Nilson Montoril

A seca de 1932, no Ceará


A primeira grande seca, que assolou a Província do Ceará teve inicio em 1887, ainda no tempo do Segundo Império do Brasil. A fase mais critica se deu no do ano de 1888 e se estendeu por 1889. O segundo flagelo acorreu em 1915, sendo abordado no livro de Raquel de Queiroz, cujo titulo é “O Quinze”. Em 1926, teve inicio uma estiagem tenebrosa, que se agravou em 1932. A seca deste ano levou o presidente Getúlio Vargas a determinar a construção de açudes, onde os retirantes trabalhariam. Para evitar que os flagelados rumassem para Fortaleza, o governo mandou instalar vários campos de concentração, também denominados “currais do governo” e “currais humanos”.

Os sertanejos que ficaram sem condições de produzir alguma coisa e não tinham meios de subsistência, empreenderam marchas com destino às cidades possuidoras de estações ferroviárias, com o propósito de obterem atendimento humanitário. Apenas as pessoas decididas a migrar para a Amazônia conseguiam liberação para tomarem uma composição ferroviária e seguirem para Fortaleza. Eram levadas diretamente para o porto e ali ficavam retidas até comprarem passagens em navios da Companhia Costeira e embarcassem.

Os “currais do governo” correspondiam a áreas de agrupamento de retirantes, gente fedida, piolhenta e maltrapilha, a maioria usando o tempo todo a mesma roupa. Nos campos de concentração despendia-se um grande esforço para tratar as enfermidades, saciar a fome dos retirantes, convencê-los a aceitar emprego na Amazônia.

A estiagem gerou grande carestia, e o risco de saque em estabelecimentos comerciais era tremendo, razão pela qual os flagelados não podiam sair da área onde estavam confinados e permaneciam guardados por soldados armados. Estima-se em aproximadamente 72.738 o número de concentrados, distribuídos nos seguintes campos: 1.800 em Urubu e Matadouro (Fortaleza); 4.542 em Quixeramobim e Quixadá; 16.221 em Senador Pompeu; 26.468 em Cariús; 6.507 em Ipu; 16.200 em Crato. Em pouco tempo, a cólera, a varíola e a diarréia foram disseminadas no meio daquelas pobres criaturas. Soma-se a isso a fome e a sede. Calcula-se em 150 o quantitativo diário de mortos nas áreas de confinamento. As moscas se encarregavam de espalhar a doença.
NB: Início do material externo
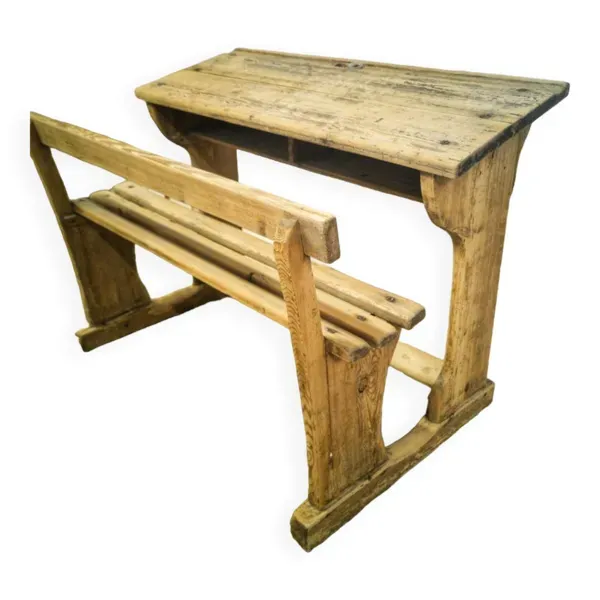 Bureau pupitre d'écolier double en bois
No final do ano de 1931. Parte dos integrantes da família Montoril, que residia no Sitio Benguê, em área que hoje corresponde ao Bairro Zé Brandão, na então vila de Assaré decidiram deixar o torrão natal em busca de outros lugares para viver. Meu tio, José Pereira Montoril, o Cazuzinha, já estabelecido na região alagável da Ilha do Marajó, em frente a Macapá, que bem conhecia os efeitos de uma seca, retornou a Assaré para buscar a irmã Maria Montoril, o cunhado João Lourenço as sobrinhas Lourdes, Juracy e o sobrinho Olavo. Olga Montoril morava em Manaus. Na propriedade da família havia um depósito com milho, algodão, feijão e outros gêneros obtidos com muita luta. Para mantê-los em perfeitas condições, meu avô mantinha um aquecedor, regularmente alimentado com lenha. Algo muito estanho ocorreu no interior do deposito, que fez arder quase toda a produção. A chegada de Cazuzinha Montoril a Assaré foi oportuna. Meus avós concordaram em fazer cadastro na Comissão encarregada de mandar retirantes para cidades paraenses situadas às margens da Estrada de Ferro de Bragança.

O Sitio Jucá, que pertencera ao coronel Coriolano Jucá havia sido comprado por Cazuzinha e lá ficariam os Montoril. Saindo de Assaré e empreendendo uma caminhada de 120 km até Iguatu, meus familiares conduziram apenas pertences indispensáveis. Os demais bens instalados em Assaré foram vendidos. Em Iguatu, o pessoal pegou o trem e foi para Fortaleza. A bordo do navio Itapajé foi realizada a viagem para Belém e daí, até Castanhal, o percurso se fez em trem. Inicialmente, instalados na Vila Rocha, os Montoril foram se aclimatando. Era fevereiro de 1932, chovia bastante. Todas as tardes, às 16h30min, minha avó ia à Estação Ferroviária de Castanhal ver a chegada do trem com destino a Bragança. Ela tinha esperança de encontrar algum conhecido vindo de Assaré, para saber noticias de outros parentes. Esperança logo desfeita. Em anos seguintes outros Montoril deixaram o Ceará e foram morar em cidades de outras regiões brasileiras. Os rigores do inverno amazônico minaram a resistência dos meus avós paternos.Maria faleceu em 1938.João Lourenço, em 1941.